** Records supplied follows **

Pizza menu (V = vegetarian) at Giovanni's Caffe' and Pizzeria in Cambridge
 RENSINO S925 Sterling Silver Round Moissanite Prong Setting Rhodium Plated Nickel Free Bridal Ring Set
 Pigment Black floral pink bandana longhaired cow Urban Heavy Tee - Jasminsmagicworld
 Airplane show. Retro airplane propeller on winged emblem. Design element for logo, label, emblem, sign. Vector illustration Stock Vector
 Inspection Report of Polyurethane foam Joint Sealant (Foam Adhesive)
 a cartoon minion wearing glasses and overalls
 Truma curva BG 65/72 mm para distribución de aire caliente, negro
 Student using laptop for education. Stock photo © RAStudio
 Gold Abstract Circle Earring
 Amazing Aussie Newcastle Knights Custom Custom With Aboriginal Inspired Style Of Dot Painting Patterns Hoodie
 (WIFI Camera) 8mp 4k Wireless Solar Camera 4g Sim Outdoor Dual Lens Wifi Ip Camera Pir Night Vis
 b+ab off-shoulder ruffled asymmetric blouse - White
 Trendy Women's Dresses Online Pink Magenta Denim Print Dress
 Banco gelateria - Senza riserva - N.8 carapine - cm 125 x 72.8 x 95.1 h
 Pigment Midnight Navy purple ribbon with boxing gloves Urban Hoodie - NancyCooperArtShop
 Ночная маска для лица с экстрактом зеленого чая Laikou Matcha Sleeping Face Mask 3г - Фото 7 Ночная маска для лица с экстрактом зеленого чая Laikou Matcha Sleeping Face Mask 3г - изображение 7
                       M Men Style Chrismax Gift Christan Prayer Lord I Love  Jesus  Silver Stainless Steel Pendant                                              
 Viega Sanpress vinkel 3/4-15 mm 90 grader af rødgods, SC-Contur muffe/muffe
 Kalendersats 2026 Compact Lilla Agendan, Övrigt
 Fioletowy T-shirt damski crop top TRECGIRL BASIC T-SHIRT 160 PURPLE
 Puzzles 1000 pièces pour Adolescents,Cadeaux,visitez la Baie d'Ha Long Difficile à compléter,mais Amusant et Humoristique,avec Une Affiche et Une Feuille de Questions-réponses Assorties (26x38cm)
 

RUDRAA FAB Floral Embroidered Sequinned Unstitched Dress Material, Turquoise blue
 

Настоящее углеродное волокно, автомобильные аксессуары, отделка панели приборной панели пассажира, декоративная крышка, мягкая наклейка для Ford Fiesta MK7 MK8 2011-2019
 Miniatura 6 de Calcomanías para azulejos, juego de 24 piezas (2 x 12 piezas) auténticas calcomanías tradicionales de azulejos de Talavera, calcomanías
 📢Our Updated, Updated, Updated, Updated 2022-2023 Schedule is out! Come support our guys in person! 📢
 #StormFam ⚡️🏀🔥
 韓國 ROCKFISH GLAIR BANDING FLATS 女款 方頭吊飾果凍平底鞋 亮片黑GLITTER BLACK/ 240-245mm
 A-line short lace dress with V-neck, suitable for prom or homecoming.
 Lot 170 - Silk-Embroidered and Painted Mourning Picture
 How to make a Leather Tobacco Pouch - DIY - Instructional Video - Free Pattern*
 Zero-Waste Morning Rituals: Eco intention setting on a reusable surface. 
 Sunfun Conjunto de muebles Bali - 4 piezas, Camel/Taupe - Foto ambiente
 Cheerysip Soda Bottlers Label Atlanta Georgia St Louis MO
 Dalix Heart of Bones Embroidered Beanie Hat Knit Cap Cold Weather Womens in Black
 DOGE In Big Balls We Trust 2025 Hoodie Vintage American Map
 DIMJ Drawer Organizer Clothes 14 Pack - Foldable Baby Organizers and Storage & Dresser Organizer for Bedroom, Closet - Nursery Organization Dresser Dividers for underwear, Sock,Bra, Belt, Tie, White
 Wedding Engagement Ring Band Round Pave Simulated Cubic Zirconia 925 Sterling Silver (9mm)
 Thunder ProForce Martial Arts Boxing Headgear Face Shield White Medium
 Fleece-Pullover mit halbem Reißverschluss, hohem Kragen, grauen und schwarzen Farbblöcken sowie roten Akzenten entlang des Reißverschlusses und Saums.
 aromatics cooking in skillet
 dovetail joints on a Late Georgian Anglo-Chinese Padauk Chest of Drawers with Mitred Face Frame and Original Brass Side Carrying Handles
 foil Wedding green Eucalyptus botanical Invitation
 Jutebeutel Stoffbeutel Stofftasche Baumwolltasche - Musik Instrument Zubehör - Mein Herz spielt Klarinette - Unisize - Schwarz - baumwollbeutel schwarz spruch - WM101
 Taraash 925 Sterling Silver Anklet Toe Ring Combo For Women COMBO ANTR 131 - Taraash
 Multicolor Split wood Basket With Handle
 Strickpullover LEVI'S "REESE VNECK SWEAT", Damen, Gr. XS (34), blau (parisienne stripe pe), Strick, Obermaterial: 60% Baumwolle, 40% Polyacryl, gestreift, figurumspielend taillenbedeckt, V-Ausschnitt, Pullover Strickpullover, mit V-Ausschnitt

** End of Records supplied **

• [Your goal] Look over the entries above and count the lines where the word "Stock" appears, then report only that count.

• [Exercise output] 2